I thought that's where they'd already gone when they started using /bin/bash as the default shell (instead of /bin/tcsh). The only big technological advance they've made since the ][gs was in locking down the system via the T1/T2 chip(s). And while it's a terrible idea, it's probably where we're headed: if your system doesn't have a Big Tech & Government approved security chip, your ISP won't pass your packets.
Posted by: normal at Thursday, July 29 2021 01:34 AM (LADmw)
2
The gaming PC ban seems to be a combination of inept California legislators and sloppy Dell engineering; other manufacturers are still shipping high-end hardware into California... if they have any in stock.

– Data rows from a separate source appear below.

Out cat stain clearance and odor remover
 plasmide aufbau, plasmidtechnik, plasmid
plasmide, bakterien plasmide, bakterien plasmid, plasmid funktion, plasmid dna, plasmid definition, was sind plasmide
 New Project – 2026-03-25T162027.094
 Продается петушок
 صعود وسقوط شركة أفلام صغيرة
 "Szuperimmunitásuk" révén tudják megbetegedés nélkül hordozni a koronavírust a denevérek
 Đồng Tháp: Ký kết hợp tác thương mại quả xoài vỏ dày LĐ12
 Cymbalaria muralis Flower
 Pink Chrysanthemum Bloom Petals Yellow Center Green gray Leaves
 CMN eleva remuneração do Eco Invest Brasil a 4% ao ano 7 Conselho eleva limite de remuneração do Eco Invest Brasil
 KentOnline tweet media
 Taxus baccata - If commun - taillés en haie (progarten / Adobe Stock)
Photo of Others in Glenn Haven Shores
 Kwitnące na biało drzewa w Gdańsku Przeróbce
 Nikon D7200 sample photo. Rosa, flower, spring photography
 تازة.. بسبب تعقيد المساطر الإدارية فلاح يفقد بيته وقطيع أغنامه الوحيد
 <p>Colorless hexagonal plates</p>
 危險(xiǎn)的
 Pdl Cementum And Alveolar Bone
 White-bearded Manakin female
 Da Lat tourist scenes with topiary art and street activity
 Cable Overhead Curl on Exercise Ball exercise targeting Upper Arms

I expect this to end up like the "assault weapons" ban that everyone worked around by making cosmetic changes that satisfied the rules while having no effect on functionality: "Don't change this energy-saving BIOS setting!"
-j
I expect this to end up like the "assault weapons" ban that everyone worked around by making cosmetic changes that satisfied the rules while having no effect on functionality: "Don't change this energy-saving BIOS setting!"
-j
Posted by: J Greely at Friday, July 30 2021 03:55 AM (ZlYZd)
3
J, having watched some informative videos by Jayz Two Cents and Tech Jesus, I can say that the article linked here is pretty bad, in addition to being clickbaity. For one thing, they claim "It should also be noted that there are idle power restrictions causing trouble as well, which are based on the amount of RAM that a system has. In the case of a high expandability score desktop, the equation for maximum idle power draw in watts is 10 plus .03 times the amount of RAM (10+.03*X) while regular desktops are only allowed to sip up to 5 plus .03 times the amount of RAM (5+.03*X)" but ignored the top of the chart, that shows that's actually an addition to the base maximum annual energy usage of the PC, which varies with the ES (expandability score). One major problem is that instead of simply looking at the power supply, they invented a proxy for it--the ES--which is basically just a grab-bag of artificially-decided numbers attached to various expansion points on a motherboard (e.g., a USB plug will add something like 5-15 points to a machine's ES, depending on which generation it is. Each PCIe x16 slot adds 75 to the ES.) Then there are "adders", like the RAM one, which adds to the score based on the amount. Then, a system is assigned a maximum allowable annual power draw based on the ES, and if the system's projected to exceed that amount, it can't be sold.